Sony Corp. lost 6.3 percent as a private report showed U.S. employers cut more jobs than estimated in December and the yen strengthened against the dollar. BHP Billiton Ltd., Australia's No. 1 oil producer, retreated 4.6 percent in Sydney after crude fell the most in more than seven years yesterday. Macquarie Group Ltd., Australia's biggest securities firm, slid 5.2 percent after saying "exceptionally challenging" conditions will erode profitability.
The MSCI Asia Pacific Index dropped 2.1 percent to 90.40 as of 10:11 a.m. in Tokyo, trimming its gain this year to 0.8 percent.

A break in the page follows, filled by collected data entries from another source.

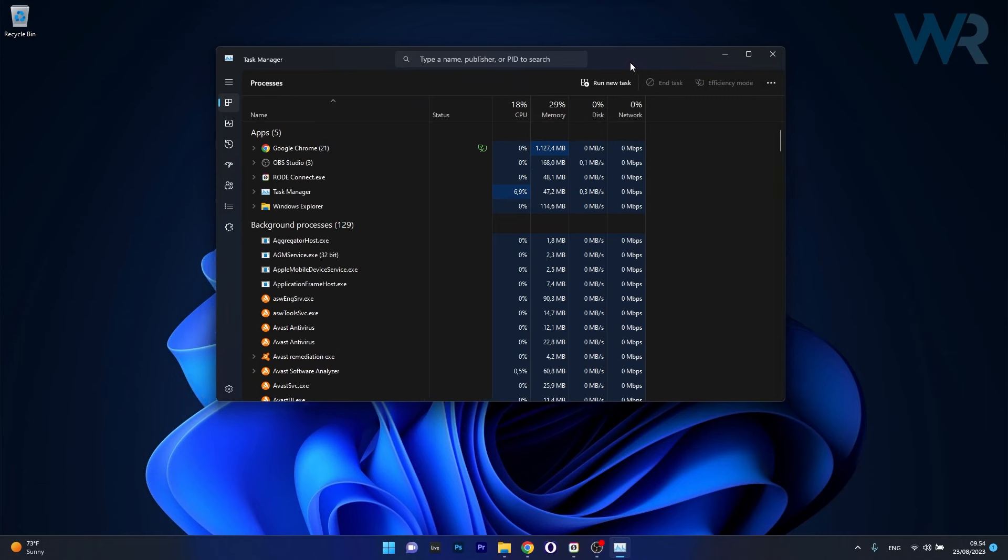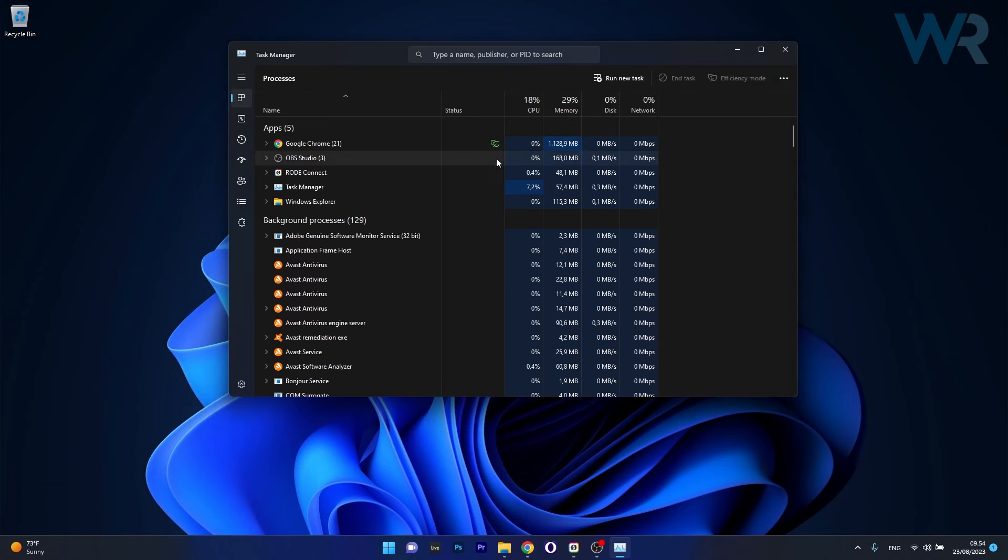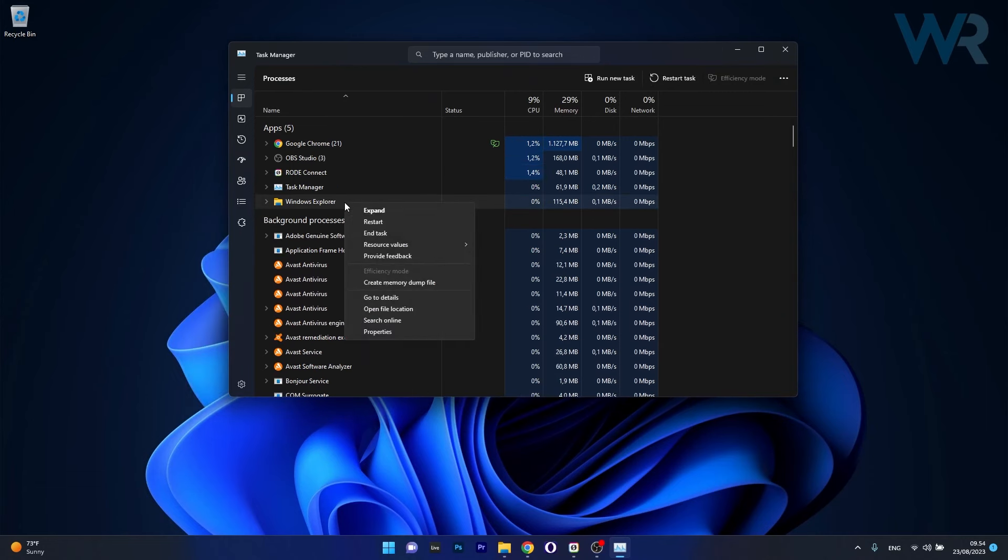And now in here what you have to do is restart Windows Explorer. So right click on it and then select the restart option.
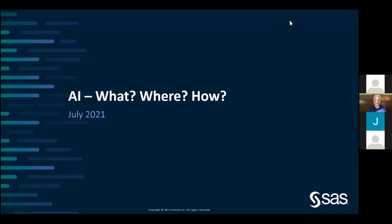Good morning, everyone, and welcome to the data science and industry student workshop, which is being hosted by the data science across disciplines research group within the Institute for the Future of Knowledge. This workshop brings together a variety of academics across the University of Johannesburg, each with relevant expertise within the field of data science.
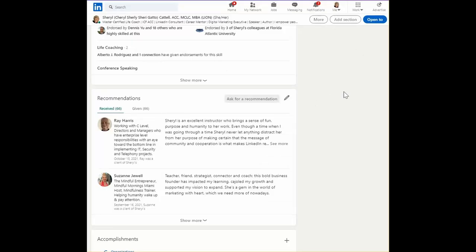And that's what we want to do, right? Make it easy so you can stack up the social proof in the recommendations area.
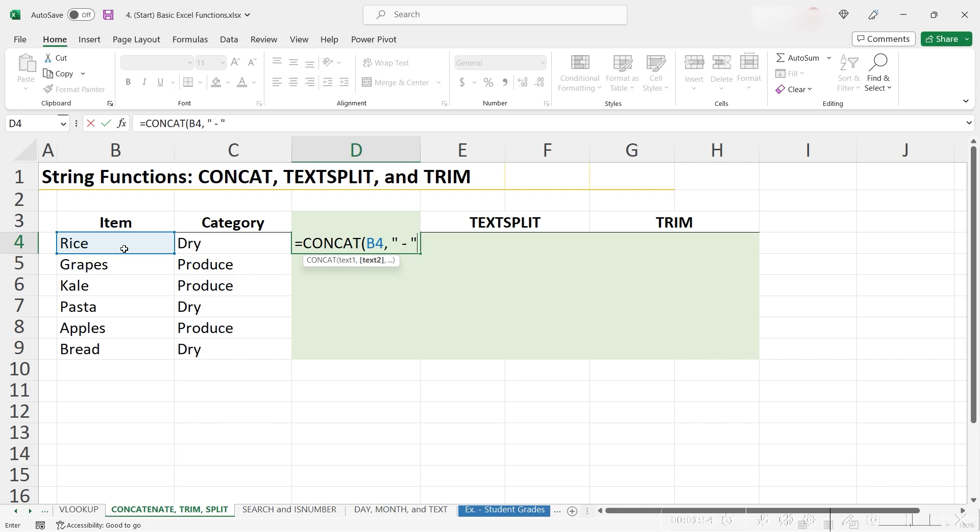We need to use the quotations because we're inserting text in a function, and whenever we insert text as an argument in a function, we always have to use quotations. Hit another comma, and then our final cell reference here.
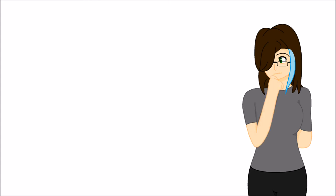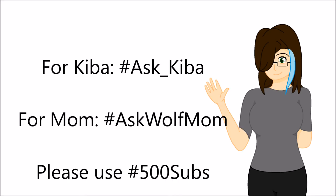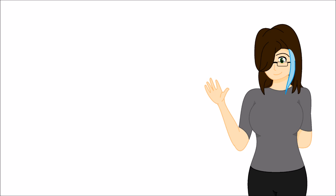Now Kiva wanted me to tell you that if you choose to ask your questions via Twitter, use the hashtag #Ask_Kiba for a question for her, the hashtag #AskWolfMom for a question for myself, and add #500Subs so that she and I will know what questions to answer once the Q&A session arrives.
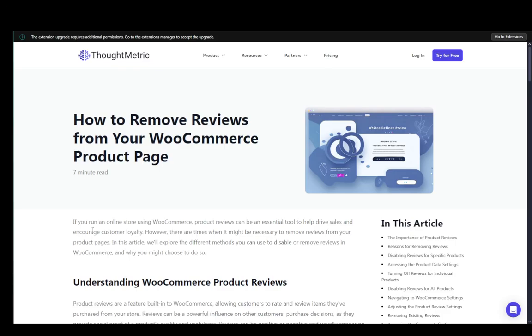Hey everybody, what is going on? I hope you guys are all doing well, and welcome to another tutorial video. In this video, I'm going to be explaining to you guys how you can remove reviews from your WooCommerce product page. So let's get right into it.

The gauge slumped 43 percent in 2008, its worst annual loss in its 20-year history. The index has rebounded 20 percent in the past six weeks as interest rate cuts and spending packages by governments from India to Australia boosted confidence in a swift recovery of the economy.

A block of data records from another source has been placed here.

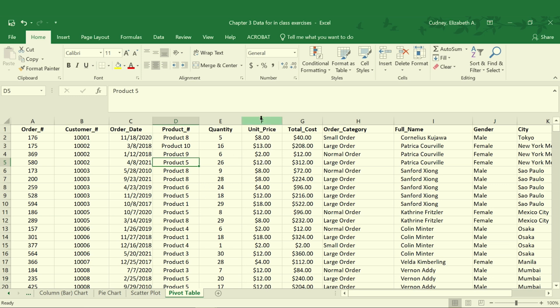However, if we have an empty column between our data or an empty row between our data, our pivot table will recognize that and only select the data in that table that's connected to each other. So we want to make sure we don't have any completely empty columns or any completely empty rows. For this data set, we don't, so we can go ahead and start.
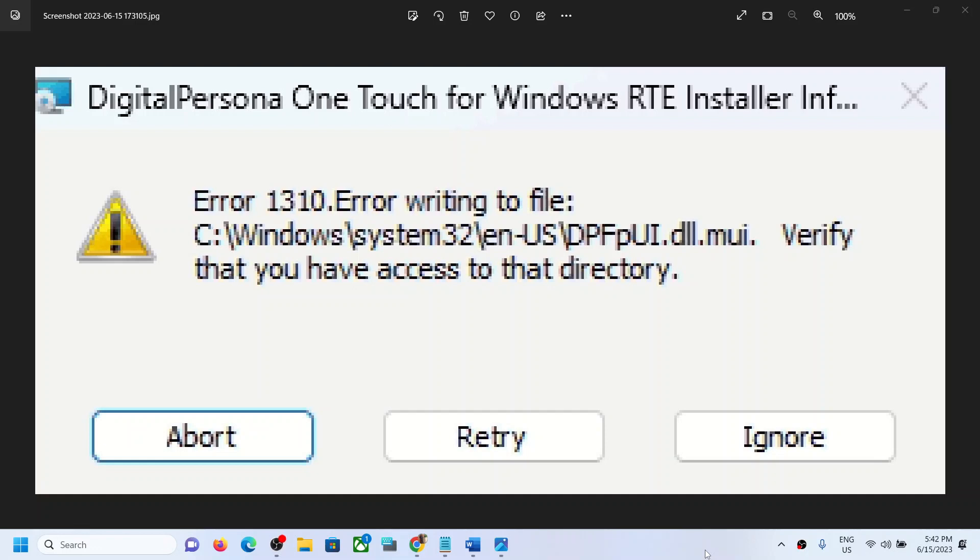Hello guys, welcome to my channel. If you are unable to install the Digital Persona driver on your Windows computer and are receiving Error 1310 'Error writing to file', here's how to fix it.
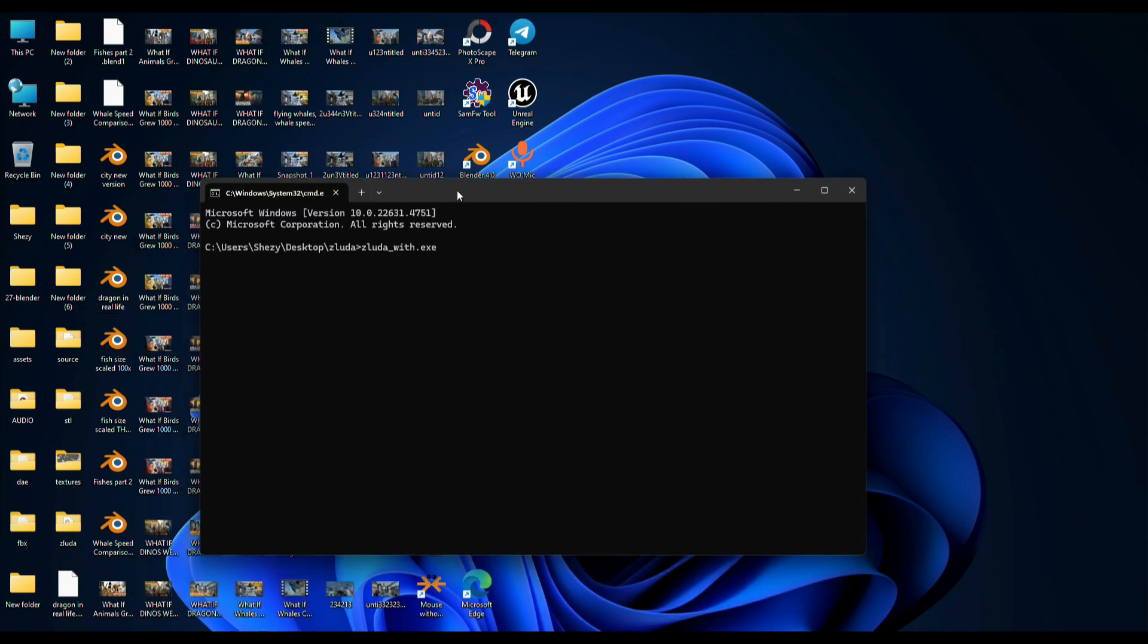Once done, paste it there and add a backslash, then type blender.exe.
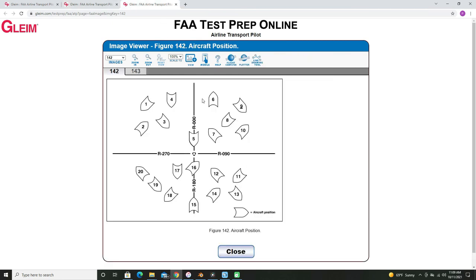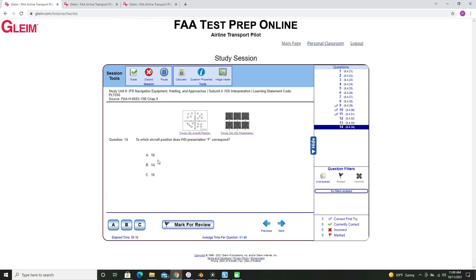Looking at our aircraft again, we'll use this bottom section since our blank space was on the east-to-west side. And since we're on the radial, we can look at either of these two aircraft here. We said that we are heading northeast, so the only option would be aircraft number 16.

"We've seen strong rallies on hopes that all the stimulus spending will start to kick in," said Nader Naeimi, a Sydney- based senior investment strategist at AMP Capital Investors, which manages about $85 billion. "The fact that unemployment is picking up creates nervousness, and shifts the focus back onto the broader economic challenges."
Japan's Nikkei 225 Stock Average slumped 2.2 percent to 9,039.82, snapping a seven-day winning streak that was the longest stretch of gains in almost three years. All indexes open for trading declined.
In the U.S., the Standard & Poor's 500 Index fell 3 percent yesterday. Intel Corp. slumped 6.1 percent after sales in the latest quarter trailed its forecast amid weakening demand.
U.S. companies cut an estimated 693,000 jobs in December, according to ADP Employer Services, the most since the survey began in 2001. The decline was larger than the 495,000 drop estimated by economists in a Bloomberg survey.
Crude oil for February delivery plummeted 12 percent to $42.63 a barrel in New York, the steepest drop since September 2001. The Japanese currency appreciated to as much as 92.48 today from 93.96 at the close of stock trading in Tokyo yesterday.